Em 1988 faleceu a mãe da autora e em Março de 2014, a autora conseguiu colher uma amostra e com ela realizar o teste de ADN, do qual resulta a possibilidade do réu ser o seu pai biológico de 99,99999998%.

O réu contestou, excecionando a caducidade do direito da autora e impugnou parte da factualidade alegada.

Foi ouvido o Ministério Público pelo interesse/posição acessória que possui nos autos, que se pronunciou no sentido de assistir razão ao réu, dado que à data da propositura da ação, já se mostrava decorrido o prazo de caducidade a que alude o artigo 1817º do Código Civil.

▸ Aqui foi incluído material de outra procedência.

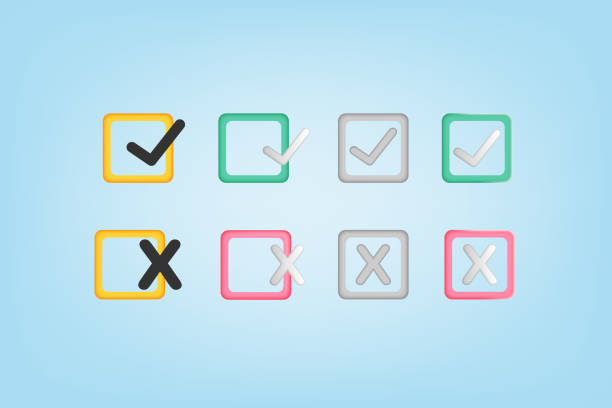 istock 3d cartoon style check cross mark, checklist in multicolored, colorful set isolated white background with shadow highlight. 1365247565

Observado o contraditório quanto ao apontamento do Ministério Público, veio a autora defender que não caducou o seu direito de intentar a presente, considerando que o reconhecimento da filiação é um direito pessoalíssimo, indisponível e imprescritível, assente no princípio da dignidade da pessoa humana plasmado no artigo 26º da CRP, convocando a esse propósito vários acórdãos nesse sentido, acrescentando que, de qualquer modo, o artigo 1817º, nº 3, do Código Civil, permite que a ação seja proposta nos 3 anos posteriores quando se verifiquem as situações enunciadas nas várias alíneas do preceito, designadamente a referida na alínea b), quando o investigante tenha tido conhecimento superveniente de factos ou circunstâncias que possibilitem e justifiquem a investigação, e portanto como apenas em Março de 2014 a autora conseguiu colher uma amostra de ADN do réu, e com ela realizado o teste de filiação biológica, não caducou o seu direito.

Foi de seguida proferida decisão que jugou procedente a exceção perentória de caducidade e absolveu o réu do pedido.

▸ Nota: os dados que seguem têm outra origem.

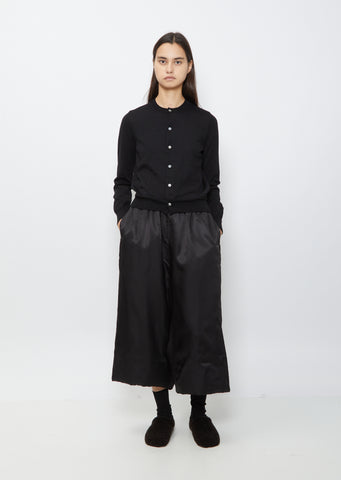Round Neck Cardigan — Black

Inconformada, a autora apelou do assim decidido, finalizando a respetiva alegação com as conclusões que a seguir se transcrevem: «A.- Vem o presente recurso interposto da decisão que julgou improcedente a acção intentada pela recorrente, por considerar que o direito da autora em ver investigada a sua paternidade há muito que caducou e por outro lado, por falta de requisitos.

B.- Com o devido respeito, discordamos com tal douto entendimento.

Vejamos… C.- A A. nasceu no dia 8 de Novembro de 1980.

D.- Em Março de 2014, a A. conseguiu colher do R., uma amostra e com ela conseguiu realizar o teste de ADN, que foi junto com a p.i. e do qual Resulta de tal teste que a probabilidade do R. ser o pai da A. é de 99,99999998%.

E.- Desde logo porque defendemos a inconstitucionalidade do artigo 1817º nº 1 do C. Civil, uma vez que, o reconhecimento do estado de filiação constitui um direito pessoalíssimo, indisponível e imprescritível, que deve ser exercitado sem qualquer restrição, em face dos país ou seus herdeiros.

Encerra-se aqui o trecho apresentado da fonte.